Chaque année, 20 à 30 000 hectares d’espaces naturels sont artificialisés en France sous la pression des activités humaines. Il en résulte un phénomène d’étalement des villes : les aires urbaines couvrent désormais près du quart du territoire national, contre 7 % en 1936.
Cette artificialisation n’est pas sans conséquence sur l’environnement. Elle est d’abord un facteur d’accélération du réchauffement climatique, puisqu’un sol artificialisé n’est plus en mesure d’absorber le CO2 présent dans l’atmosphère.

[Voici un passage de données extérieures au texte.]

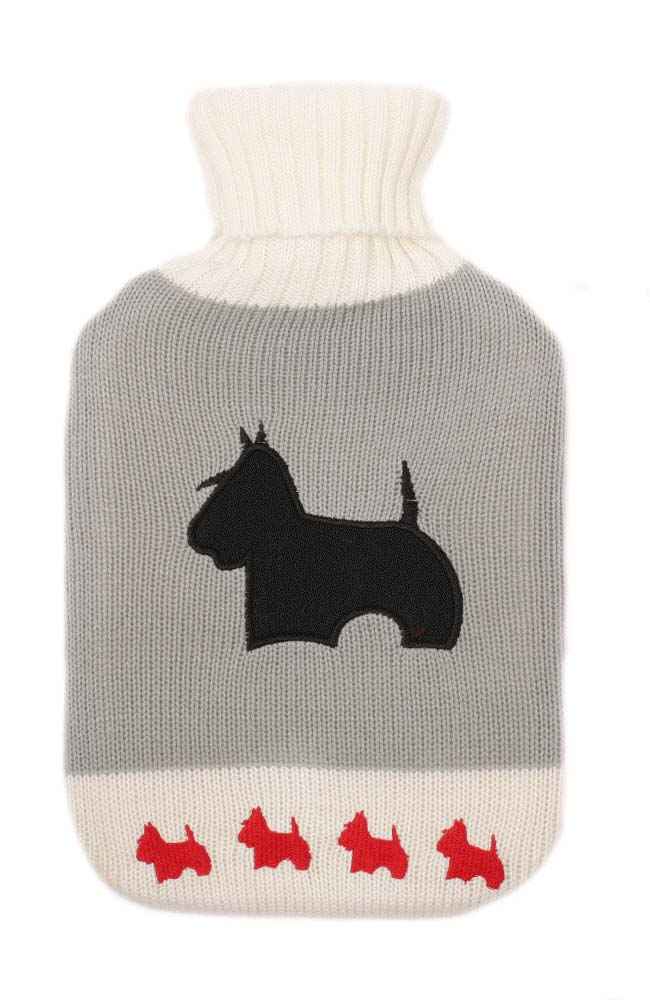 scotty dog grey knit stripe hot water bottle cover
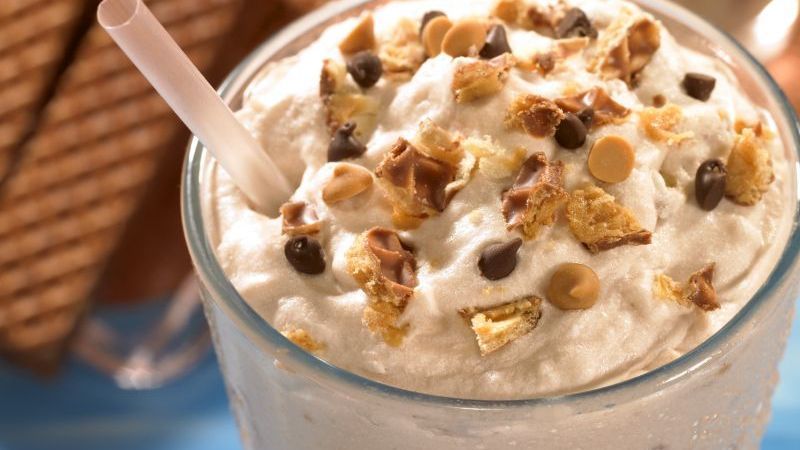 nutty buddy wafer bars mixed as a milkshake with crumbled wafer bar topping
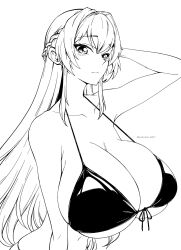 Rule 34 | 1girl, alternate costume, bare shoulders, bikini, blush, braid, breasts, cleavage, closed mouth, collarbone, front-tie bikini top, front-tie top, frown, goddess of victory: nikke, greyscale, helm (nikke), highres, huge breasts, long hair, monochrome, simple background, solo, string bikini, swimsuit, twitter username, white background, yoonsun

Elle est également synonyme de perte de biodiversité et de baisse du nombre de terres agricoles, qui sont pourtant une condition essentielle à la souveraineté alimentaire de la France.
Le ZAN, un tournant motivé par l’urgence environnementale
Dans ce contexte, l’ambition du ZAN est de réduire de moitié le rythme d’artificialisation en France d’ici 2031, pour viser un solde « net » proche de zéro en 2050. Autrement dit, à cette date, il ne sera possible d’artificialiser un terrain qu’à la condition d’en renaturer un autre en compensation. Selon le Cerema, 20 276 hectares ont été consommés en 2022 : d’importants efforts doivent donc encore être déployés pour parvenir à un tel objectif.

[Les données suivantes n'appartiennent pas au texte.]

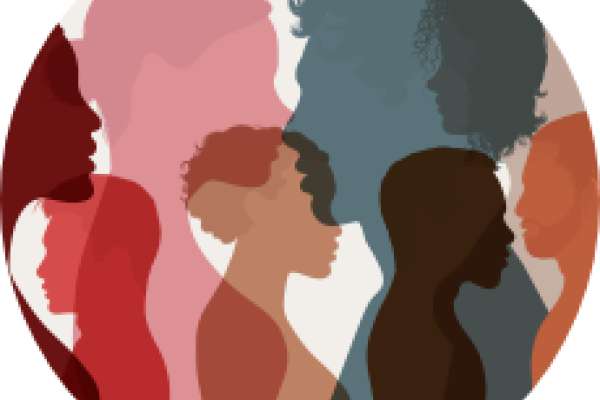 drawings of diverse profiles in various colors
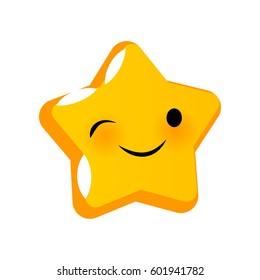 Emotional cute wink faces star smiles. Vector illustration smile icon. Face emoji yellow icon. Smile cute funny emotion face isolated background. Feelings, expression for message, sms.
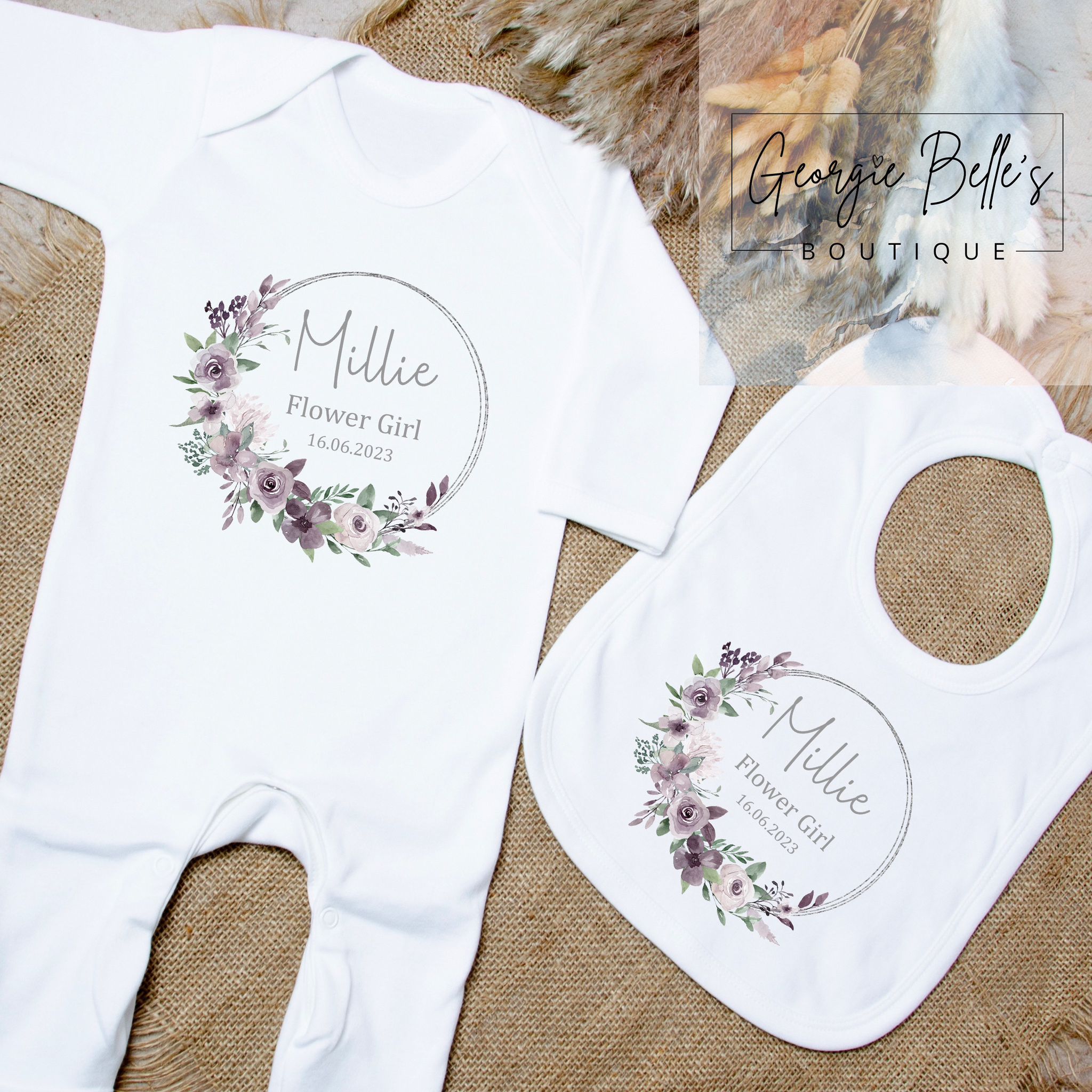 Personalised Flower Girl Mauve Wreath Vest Babygrow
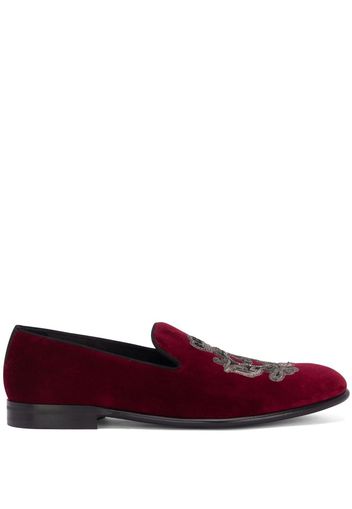 Dolce & Gabbana velvet-finish embroidered slippers - Rot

Le ZAN peut être perçu négativement, comme étant une limitation très stricte des projets d’aménagement. Mais il peut aussi représenter une formidable opportunité de repenser nos usages urbains et périurbains. Cela commence par la reconversion des friches industrielles, parfois situées en plein cœur de ville. La revitalisation de ces zones abandonnées est une chance pour poursuivre les dynamiques locales de développement, tout en limitant les impacts environnementaux.
Le potentiel sous-estimé des friches industrielles
En 2020, la disponibilité en friches industrielles sur le territoire national a été estimée entre 90 et 150 000 hectares. Ce recensement reste approximatif, tant il est difficile d’identifier avec précision toutes les friches disponibles en France. L’amélioration de la connaissance du potentiel réel de reconversion des friches industrielles est un enjeu de premier plan. Les collectivités doivent pouvoir avoir une vue précise du foncier reconvertible dont elles disposent. Or, plus de 6 intercommunalités sur 10 n’ont pas à ce jour d’observatoire de leur foncier économique.

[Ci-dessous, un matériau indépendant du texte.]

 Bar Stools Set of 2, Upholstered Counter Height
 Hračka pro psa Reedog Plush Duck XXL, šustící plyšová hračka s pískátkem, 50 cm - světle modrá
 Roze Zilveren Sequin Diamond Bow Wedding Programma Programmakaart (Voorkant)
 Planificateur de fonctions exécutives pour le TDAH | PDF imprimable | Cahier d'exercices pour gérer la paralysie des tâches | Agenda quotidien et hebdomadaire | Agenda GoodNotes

Deux projets d’inventaires nationaux ont cherché à combler ce manque, à savoir France Foncier+ et Cartofriches. Lancé en 2024, France Foncier+ référence 600 sites économiques à destination des collectivités et des entreprises. Initié pour sa part dès 2020, Cartofriches rassemble près de 11 000 friches identifiées partout en France. Certaines régions sont davantage concernées que d’autres. C’est le cas de la Normandie, de la région Grand Est et de la Nouvelle-Aquitaine, qui comptent chacune 1 800 friches recensées.
Un défi pour nos entreprises françaises
L’accumulation de telles friches est le reflet de plusieurs décennies de désindustrialisation. Dans un contexte économique fragile, la revitalisation des friches industrielles peut être un important relais de croissance pour le secteur français des travaux publics. La filière a pu compter ces dernières années sur le volontarisme de l’action publique, illustré par la mise en œuvre du « fonds friche ». Celui-ci a été abondé à hauteur d’un total de 750 millions d’euros en 2021 et 2022.
Si le dispositif a depuis été pérennisé sous la forme d’un « fonds vert », il a fait l’objet d’importantes coupes budgétaires en février de cette année. Il est à espérer que le volontarisme affiché par le passé reprenne toute sa mesure. Le succès de nombreuses PME et ETI françaises des travaux publics en dépend. Préserver le dynamisme de ce tissu d’entreprises est essentiel, pour continuer à concevoir de nouveaux modèles d’aménagement à la fois durables et vertueux. L’urgence est de répondre simultanément au défi environnemental et aux préoccupations socioéconomiques légitimes des territoires.